Inos looked ready to pounce. She wasn’t here to beg for anyone’s attention.
“I won’t grovel to you,” she said. “I won’t act humbly just because you’re the duke’s son and heir.”
“You’d better. Otherwise, I could have you kicked out right now,” he hissed.
“You wouldn’t. If I disappeared, the duchess would be devastated. You really want that?” she said.
Ino’s eyes widened. He moved to grab her by the collar. At that moment, a soft voice from behind called, “Anette?”
His hand froze. The tone made him stop.
Keeping her face neutral, Anette — that was the name she used — spun and ran to Rosana Aubrey.
“Mother!” she cried.
“Anette!” Rosana said, bending to scoop her up in a warm hug.
“Come here too, Inos,” Rosana said, opening her other arm.
Ino blushed faintly and, despite his grumpy face, stepped forward and let himself be pulled into his mother’s embrace. The proud attitude he’d been showing was gone. He was a shy boy who didn’t know what to do with his mother’s affection.
Anette watched, a little surprised. The haughty pride was gone; only a kid remained.
“Have you greeted each other properly?” Rosana asked.
“Yes!” Anette answered brightly — more a flustered reply than a formal greeting.
“What were you doing? I saw Inos reaching toward you…” Rosana asked, a little curious.
Anette flinched, then kept going.
“Brother was just trying to brush the dust out of my hair. My hair’s long, so sometimes dust gets on it!” she blurted.
“Right…?” she added, turning to Inos and linking arms with him, smiling sweetly. Inos stiffened.
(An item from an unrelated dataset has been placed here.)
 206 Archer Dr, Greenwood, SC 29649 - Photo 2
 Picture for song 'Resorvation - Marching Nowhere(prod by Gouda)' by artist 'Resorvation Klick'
She sent him a look: ‘Play along, quickly.’
He glanced away, then murmured, “…Yes, there was dust in your hair.”
“See, what a wonderful big brother,” Anette said, and Rosana gently smoothed Inos’s hair.
“Are you feeling okay, Mother?” Anette asked.
“Yes, I’m better today,” Rosana said, smiling. The ryehwa tea seemed to be helping.
“Don’t overdo it,” Inos said, a little concerned. Rosanna chuckled and said she’d be careful — she was just visiting the duke. “Inos, please take care of your sister.”
Ino nodded in that rare, quiet way. “I will.”
“Brother, show me around the mansion!” Anette said, bright and eager. Inos hesitated a moment, then nodded.
Rosana patted both their cheeks fondly and went into the study. Anette and Inos walked down the corridor. When they’d gotten far enough from the study, Anette unlinked her arm from his and thought, ‘I’m tired; I should head to my room.’
As she passed him, Inos suddenly asked in a low voice, weight behind it, “Do you really think you can become part of our family, doing what you just did?”